Containers

Optimize your Spring Boot application for AWS Fargate

Update: Spring Boot has been updated to version 3, which also means that Amazon Corretto 17 is used as JDK for all versions.

Fast startup times are key to quickly react to disruptions and demand peaks, and they can increase the resource efficiency. With AWS Fargate, you don’t need to take care of the underlying container hosts; however, some changes are often needed to shorten the time to bootstrap your container and the application.

This post describes optimization techniques to be applied to Java applications that run on Fargate. We specifically look at Java Spring Boot applications in this post, but these optimizations can also be applied to other types of containerized Java applications.

You can find the demonstration application code on GitHub that shows you the different implementations.

Solution overview

Our example application is a simple REST-based Create Read Update Delete (CRUD) service that implements basic customer management functionalities.

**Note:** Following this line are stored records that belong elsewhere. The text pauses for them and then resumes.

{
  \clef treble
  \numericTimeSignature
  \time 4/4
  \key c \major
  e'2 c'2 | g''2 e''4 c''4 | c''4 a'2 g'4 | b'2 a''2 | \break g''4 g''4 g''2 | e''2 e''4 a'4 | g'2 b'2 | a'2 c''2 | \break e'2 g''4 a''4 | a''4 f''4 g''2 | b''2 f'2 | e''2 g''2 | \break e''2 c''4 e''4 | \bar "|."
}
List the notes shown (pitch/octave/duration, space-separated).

All data is persisted in an Amazon DynamoDB table accessed using the AWS SDK for Java V2.

The REST-functionality is located in the class CustomerController, which uses the Spring Boot RestController-annotation. This class invokes the CustomerService, which uses the Spring data repository implementation, CustomerRepository. This repository implements the functionalities to access an Amazon DynamoDB table with the AWS SDK for Java V2. All user-related information is stored in a Plain Old Java Object (POJO) called Customer.

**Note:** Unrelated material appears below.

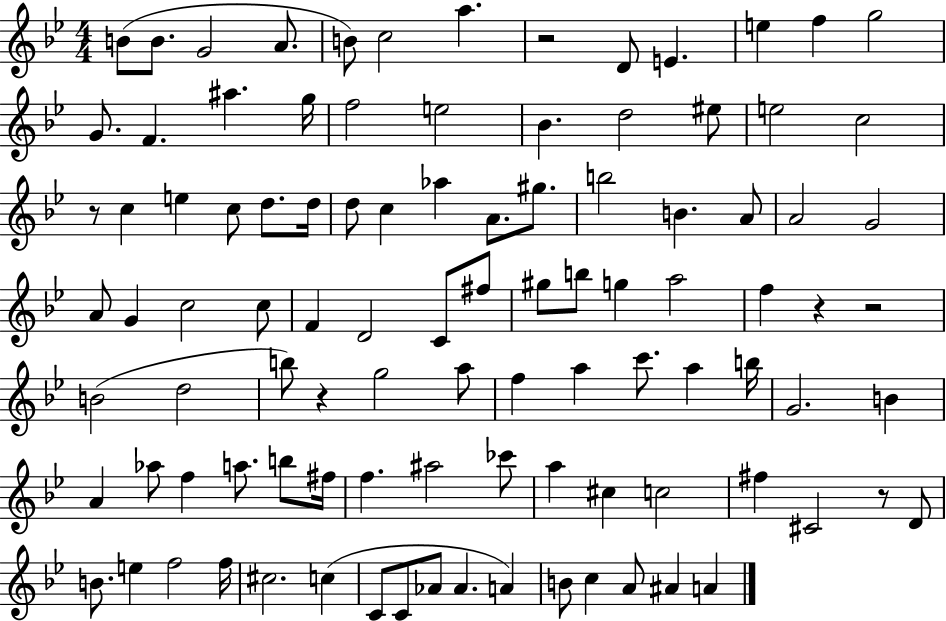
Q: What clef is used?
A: treble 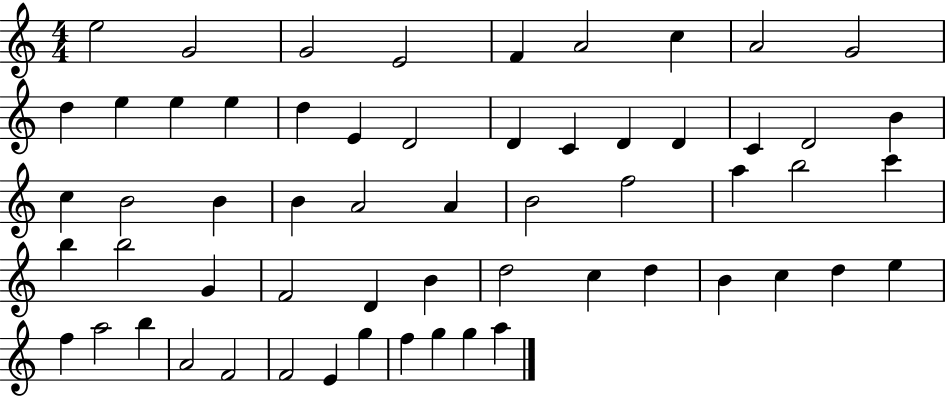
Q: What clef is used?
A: treble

The following architecture diagram presents an overview of the solution.

Infrastructure showing a VPC, an ALB, the ECS cluster with AWS Fargate, ECR, and Amazon DynamoDB

Figure 1. Architecture diagram of the solution

For our tests, we created seven different versions of our application:

  • Version 1, not optimized, running on x86_64
  • Version 2, not optimized, running on ARM64
  • Version 3, custom Java runtime environment (JRE) and additional optimizations running on x86_64
  • Version 4, custom JRE and additional optimizations running on ARM64
  • Version 5, Spring Native (GraalVM AoT compilation) running on X86_64 with Ubuntu 22 parent image
  • Version 6, Spring Native (GraalVM AoT compilation) running on ARM64 with Ubuntu 22 parent image
  • Version 7, Spring Native (GraalVM AoT compilation) running on X86_64 with distroless parent image

Prerequisites

You will need the following to complete the steps in this post:

Walkthrough

Multi-arch container images

Multi-arch (or multi-architecture) refers to container images for different processor architectures built from the same code. There are multiple ways to create multi-arch images. In this post, we use a QEMU-emulation to quickly create the multi-arch images. If you plan to use multi-arch images for more than just for testing purposes, then please consider to build your images using a proper CI/CD pipeline. The first step is to install the Docker Buildx-CLI plugin. This step isn’t necessary if you’ve installed Docker Desktop, which includes buildx and emulators out of the box.

export DOCKER_BUILDKIT=1
docker build --platform=local -o . https://github.com/docker/buildx.git

mkdir -p ~/.docker/cli-plugins
mv buildx ~/.docker/cli-plugins/docker-buildx
chmod a+x ~/.docker/cli-plugins/docker-buildx

We install the emulators to build and run containers for ARM64 on an Amazon EC2 or AWS Cloud9 instance:

docker run --privileged --rm tonistiigi/binfmt --install all

In the next step, we start with a new builder:

docker buildx create --name SpringBootBuild --use
docker buildx inspect --bootstrap

Now we start building a multi-arch image with the buildx-parameter. In the following command, you can see that we specify two different architectures: amd64 and arm64. A multi-arch manifest is generated and in addition pushed into an Amazon ECR registry. Note that in the measurement, each version is strictly separated and executed at the same time, so each directory is used to build and push images of the corresponding architecture.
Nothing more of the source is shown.